Quiz: Do You Act Your Age?
The days of hearing your mother tell you to act your age should be long gone, but sometimes, old habits die hard. For some people, maturity comes in spades, but for others, age-appropriate behavior is as unlikely as time travel. From sloppy appearance to binge drinking every weekend, it’s crystal clear when people don’t act their age. Here’s a quick quiz to determine whether or not you’re an offender.
1. How would you dress to meet your significant other’s parents?
A. A sexy dress that shows off your curves in all the right places/a bicep-bearing tee that puts your muscles on display
B. Your favorite pair of ripped jeans and a hoodie — comfort is key
C. Dark jeans, a classic, yet casual top, and a nice pair of flats
Best Answer: C
Save the plunging necklines for your next trip to Vegas — cleavage belongs in Sin City, not at your partner’s parents’ house.

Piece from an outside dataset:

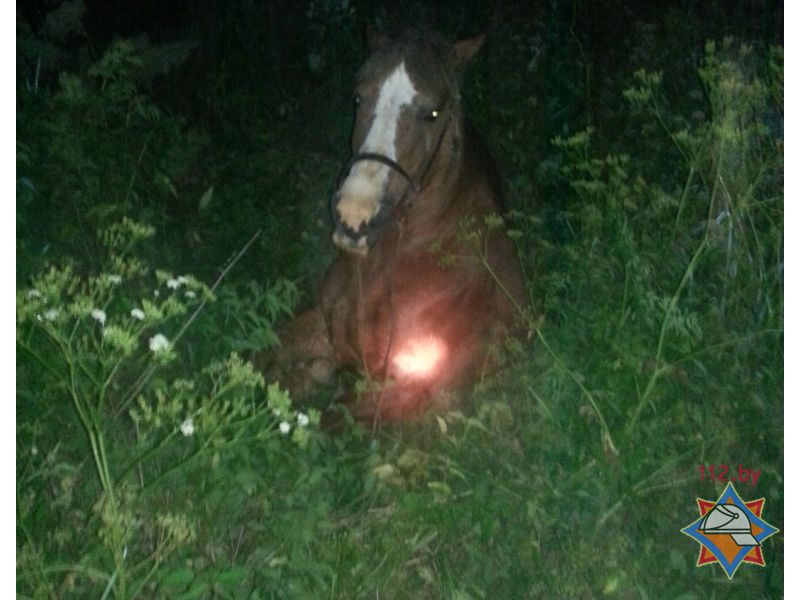 Провалившуюся в яму лошадь спасли сотрудники МЧС в Ушачском районе 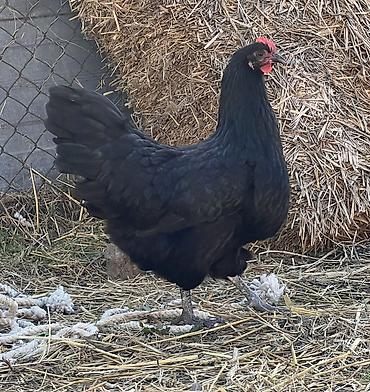 Toyuqlar: Toyuq, Australorp, Damazlıq — 12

While you may be tempted to don a more casual style, don’t let your first impression be the look of a lazy Sunday afternoon. Dress it up a bit, and ensure you look the part of a sophisticated adult who’s mature enough to date their son or daughter.
2. You’re at a special event with a fixed menu, but you don’t like the options. What do you do?

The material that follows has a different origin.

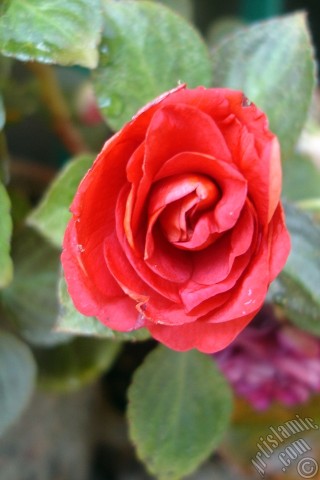 A mobile wallpaper and MMS picture for Apple iPhone 7s, 6s, 5s, 4s, Plus, iPods, iPads, New iPads, Samsung Galaxy S Series and Notes, Sony Ericsson Xperia, LG Mobile Phones, Tablets and Devices: Red color Begonia Elatior flower.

A. Don’t mention anything, but discreetly move the food around on your plate so it looks like you ate
B. Give it the old college try. Get at least a little something in your stomach, especially if you’re drinking
C. Pull a server aside and ask if you can order off the regular menu
Best Answer: B
Being a picky eater is one thing. Being rude, on the other hand, is quite another. Short of wasting your entire night playing with your food, you’ll be drawing more attention to yourself if you just sit there pushing food around with your fork. And hopefully this goes without saying, but under no circumstances should you ever, ever attempt to order off-menu directly from a server in a situation like this. The hosts have specifically chosen food for the evening, so slap a smile on that face, even if you’re not thrilled with the choices. You’re an adult, so act like it. Chicken fingers belong on the kids’ menu for a reason.

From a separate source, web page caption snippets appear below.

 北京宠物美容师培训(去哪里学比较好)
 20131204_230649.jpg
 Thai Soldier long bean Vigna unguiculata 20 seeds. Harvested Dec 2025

3. You would define your relationship with money as:
A. I’m fairly good with my money (not in debt), but I’m not totally sure where every penny ends up
B. I know if I ever get into a financial pickle, the bank of mom and dad will bail me out
C. I have a spreadsheet to keep track of all my finances. I have automatic payments for bills every month, and I never touch my savings
Best Answer: C
In case you hadn’t guessed it, as an adult, you should probably know exactly how much money you have coming in each month, and what your necessary (and unnecessary) expenses are. Relying on your parents at this stage in the game is anything but acceptable. And even if you’re not in debt, if you don’t have a hawk’s eye on every penny you earn, you’re well on your way to financial crisis. If you’re interested in discovering just how good, or bad, you are with money, take this quiz to find out.
4. Your go-to Friday night ends at:
A. What Friday night? I’m in bed before the sun goes down
B. Back home after a few drinks on the town
C. It doesn’t. I party until the sun comes up
Best Answer: B
Sure, everyone enjoys an early night in from time to time. But don’t become a total shut-in who’s never willing to leave the house during the evening hours. Alternatively, a habit of staying up and partying into the wee morning hours probably isn’t your best move. (But when you do find yourself with a nasty hangover, you had better be prepared.) Ending up back at your place, safe and sound after some much-needed cocktails is likely an age-appropriate move.
5. Your go-to Friday night ends with:
A. Whomever you live with (significant other, roommates, yourself)
B. The recent college grads who live in your neighborhood
C. The kids you babysit for every weekend
Best Answer: A
You guessed it — you probably shouldn’t be hanging around your neighbors who are fresh out of college and living the post-grad lifestyle (unless of course you’re hashing out your latest in investment opportunities). And, should you really be stuck wiping snot from a kid’s face on your nights off? If you’re still relying on extra cash to supplement your income, we’ll refer you back to question No. 3.
6. Your ideal vacation is:
A. A cruise with your parents and their friends
B. Vegas, baby
C. Wine country
Best Answer: C
Family reunions are great, but if you’re setting sail on a cruise better suited for your elders than you and your significant other, you could be wasting that precious PTO. And while we love a good trip to Vegas, you might want to save it for your next bachelor or bachelorette party invite. Wine country, however, is a pretty perfect destination for well-behaved adults looking to indulge (and class it up) a bit, in a more elegant manner.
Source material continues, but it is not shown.